]> git.corax.cc Git - ccc/commitdiff
lex: Add token types for keywords lexer unstable
authorMatthias Kruk <m@m10k.eu>
Mon, 1 Jun 2020 01:13:41 +0000 (10:13 +0900)
committerMatthias Kruk <m@m10k.eu>
Mon, 1 Jun 2020 01:13:41 +0000 (10:13 +0900)
src/lex.c
src/main.c
src/token.c
src/token.h

index dc0366edc161b4d6c0fda7a52db83fffb30f6602..a0613c67c07bc3088334f3aa447ad0408498c421 100644 (file)
--- a/src/lex.c
+++ b/src/lex.c
@@ -50,6 +50,46 @@ struct token **_tokens;
 int _num_tokens;
 int _cur_token;
 
+struct {
+       const char *keyword;
+       token_type_t type;
+} _keywords[] = {
+       { "auto", TOKEN_AUTO },
+       { "register", TOKEN_REGISTER },
+       { "static", TOKEN_STATIC },
+       { "extern", TOKEN_EXTERN },
+       { "typedef", TOKEN_TYPEDEF },
+       { "void", TOKEN_VOID },
+       { "char", TOKEN_CHAR },
+       { "short", TOKEN_SHORT },
+       { "int", TOKEN_INT },
+       { "long", TOKEN_LONG },
+       { "float", TOKEN_FLOAT },
+       { "double", TOKEN_DOUBLE },
+       { "signed", TOKEN_SIGNED },
+       { "unsigned", TOKEN_UNSIGNED },
+       { "const", TOKEN_CONST },
+       { "volatile", TOKEN_VOLATILE },
+       { "restrict", TOKEN_RESTRICT },
+       { "struct", TOKEN_STRUCT },
+       { "union", TOKEN_UNION },
+       { "enum", TOKEN_ENUM },
+       { "goto", TOKEN_GOTO },
+       { "case", TOKEN_CASE },
+       { "break", TOKEN_BREAK },
+       { "continue", TOKEN_CONTINUE },
+       { "default", TOKEN_DEFAULT },
+       { "if", TOKEN_IF },
+       { "else", TOKEN_ELSE },
+       { "switch", TOKEN_SWITCH },
+       { "while", TOKEN_WHILE },
+       { "do", TOKEN_DO },
+       { "for", TOKEN_FOR },
+       { "return", TOKEN_RETURN },
+       { "sizeof", TOKEN_SIZEOF },
+       { NULL, TOKEN_INVALID }
+};
+
 struct tokenlist {
        struct token *token;
        struct tokenlist *next;
@@ -112,6 +152,22 @@ static int _putnextchar(const char c)
        return(ret_val);
 }
 
+static void _identify_token(struct token *t)
+{
+       int i;
+
+       assert(t->type == TOKEN_IDENTIFIER);
+
+       for(i = 0; _keywords[i].keyword; i++) {
+               if(token_cmp(t, _keywords[i].keyword) == 0) {
+                       t->type = _keywords[i].type;
+                       break;
+               }
+       }
+
+       return;
+}
+
 struct token *_nexttoken(void)
 {
        struct token *tok;
@@ -421,7 +477,7 @@ struct token *_nexttoken(void)
 
                case STATE_CHR:
                        if(!tok) {
-                               tok = token_new_from_str(TOKEN_CHAR, _line, _col, "'");
+                               tok = token_new_from_str(TOKEN_CHAR_LITERAL, _line, _col, "'");
                                assert(tok);
                        }
 
@@ -445,6 +501,7 @@ struct token *_nexttoken(void)

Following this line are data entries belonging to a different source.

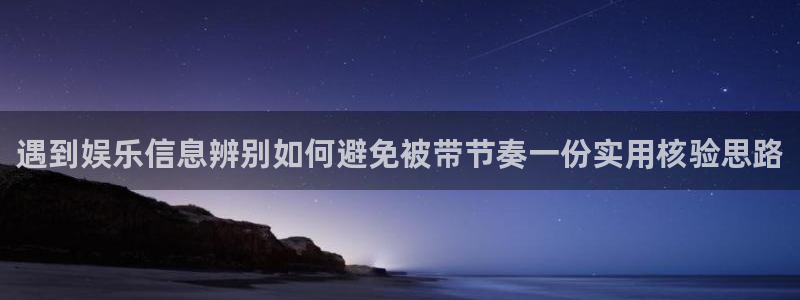 娱乐吃瓜完整时间线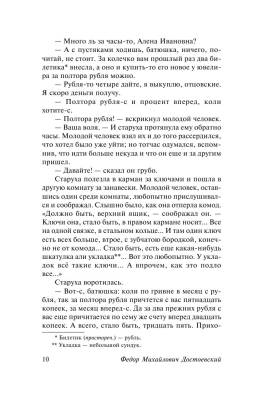 Преступление и наказание с доставкой по Минску от 70 рублей бесплатно!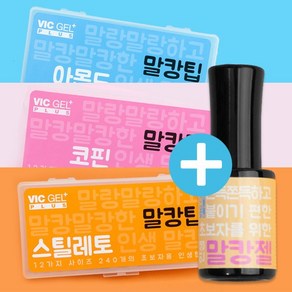 손톱연장 네일팁 말랑이젤 (말캉팁1종+말캉젤) 묶음세트, 1개, 아몬드+말캉젤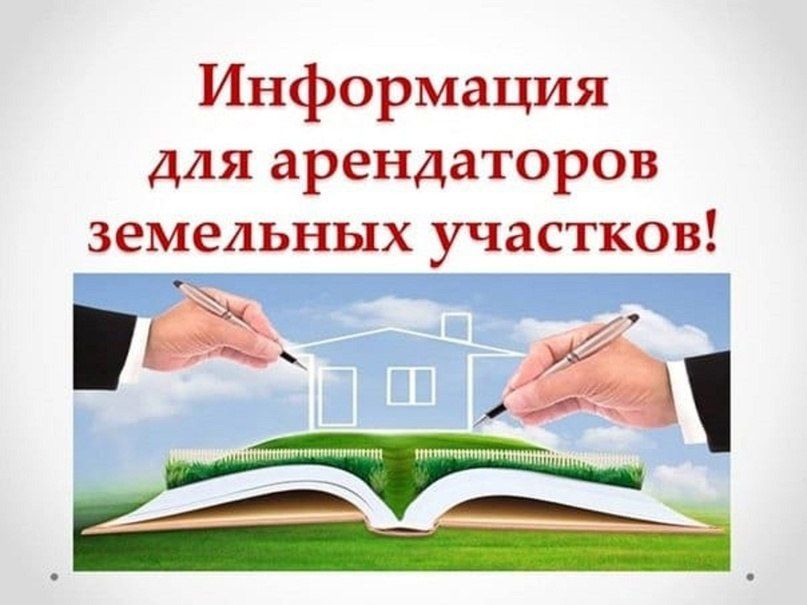 ВСЕМ АРЕНДАТОРАМ ЗЕМЕЛЬНЫХ УЧАСТКОВ
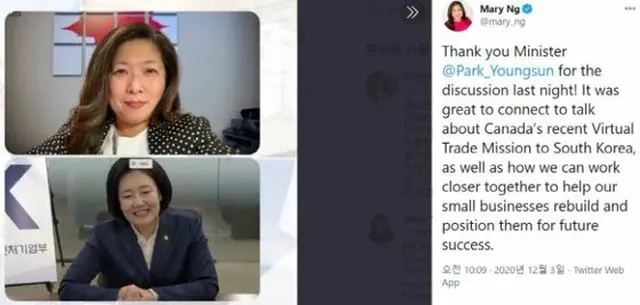 朴映宣 韓国中小ベンチャー企業相のツイッター（画像提供:wowkorea）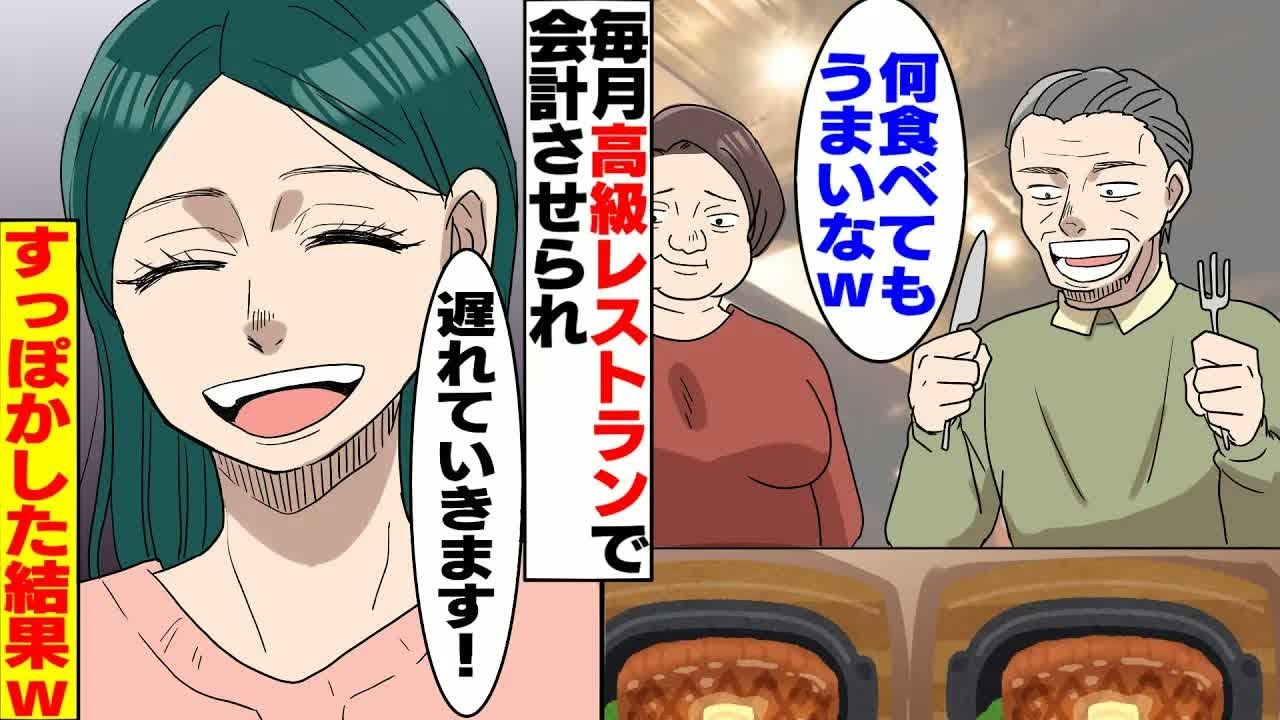 【漫画】「せっかく来たんだから沢山食べなきゃなｗ」毎月義両親達に高級レストランに連れてこられいつもお代はこっち持ち→私「遅れていきますのでお先に食べていてください」すっぽかした結果w【スカッとする話】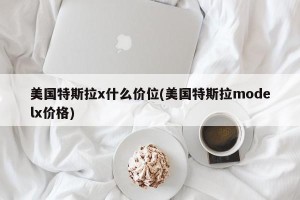 美国特斯拉x什么价位(美国特斯拉modelx价格)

                                token_append_char(tok, c);
                        } else {
                                _putnextchar(c);
+                               _identify_token(tok);
                                return(tok);
                        }
 
index 88032c043c75a1c44a9627e6959719854502bb91..3b2f0d69c2c6a34414c58a90cc2556ca8fdd0ac7 100644 (file)
@@ -7,7 +7,8 @@ int main(int argc, char *argv[])
        struct token *tok;
 
        while((tok = lex_gettoken())) {
-               printf("Token at %4d:%3d: \"%s\"\n", tok->line, tok->column, str_value(tok->value));
+               printf("Token at %4d:%3d: \"%s\" %d\n", tok->line, tok->column,
+                      str_value(tok->value), tok->type);
                token_free(tok);
        }
 
index 2c2ebb2a8f28cc6fac1d7943bb59ad9c97471249..03b1bdbc7df095cbcbb03a42e03ee9b857be238c 100644 (file)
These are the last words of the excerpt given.